TASK TO COMPLETE
Repeat exactly the lines below from the line that contains "Bijenhoning Koffiemok" to the last line, inclusive, without the pictures.

AVAILABLE RECORDS
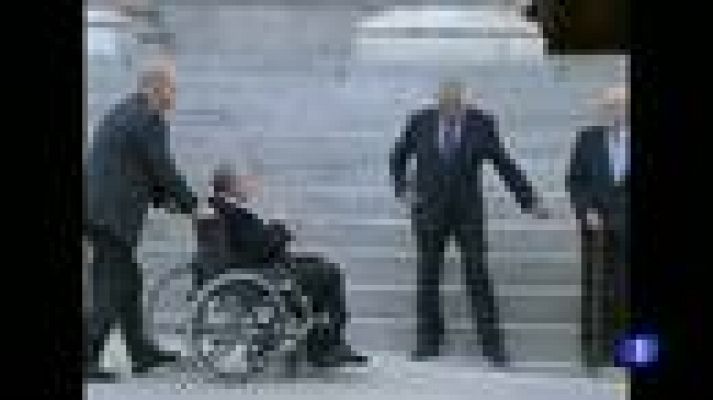 Telediario 1 - Contribución a la democracia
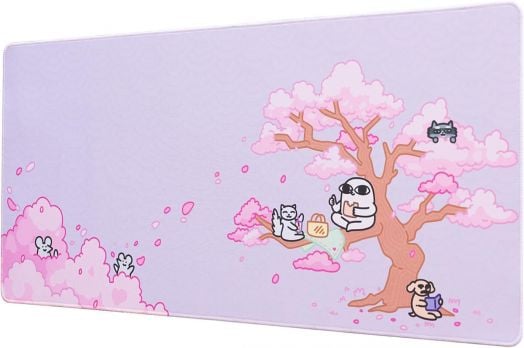 Геймърска подложка за бюро Grupo Erik - Ketnipz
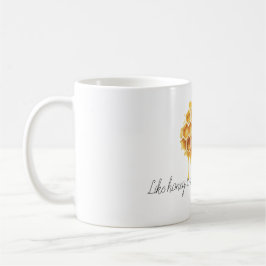 Bijenhoning Koffiemok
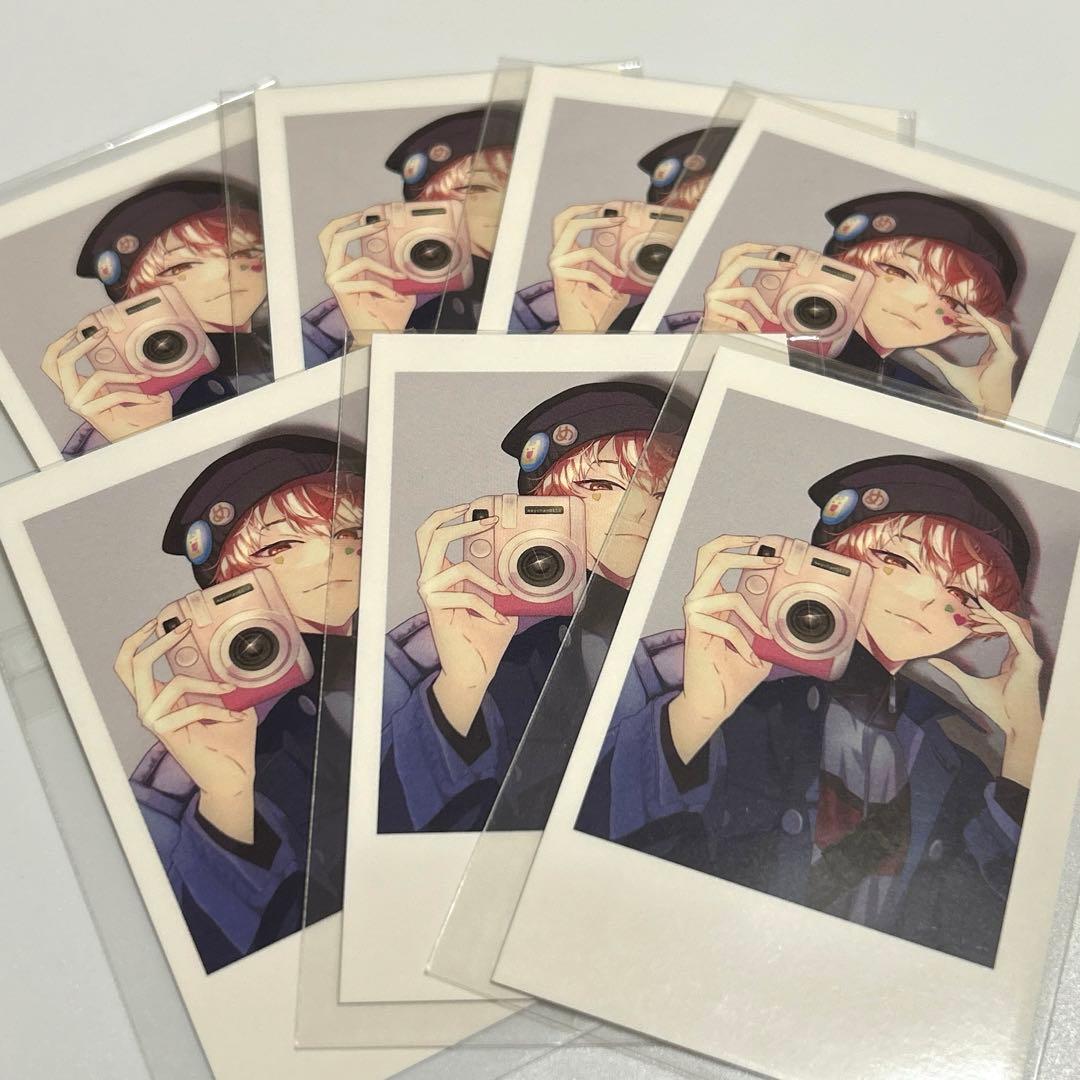 めいちゃん トレカ 僕等の色彩 - メルカリ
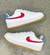 Air Force 1 Branco/Vermelho/Azul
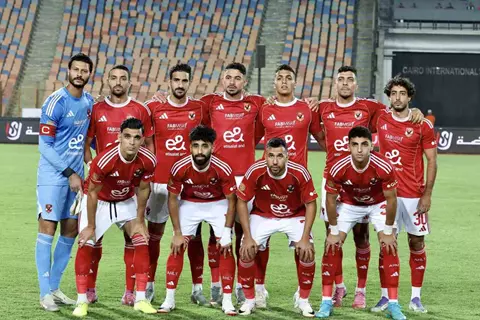 رحلة الثالثة عشر تنطلق من بوروندي.. الأهلي يبدأ عهد ييس توروب بمواجهة إيجل نوار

REPLY
 Bijenhoning Koffiemok
 めいちゃん トレカ 僕等の色彩 - メルカリ
 Air Force 1 Branco/Vermelho/Azul
 رحلة الثالثة عشر تنطلق من بوروندي.. الأهلي يبدأ عهد ييس توروب بمواجهة إيجل نوار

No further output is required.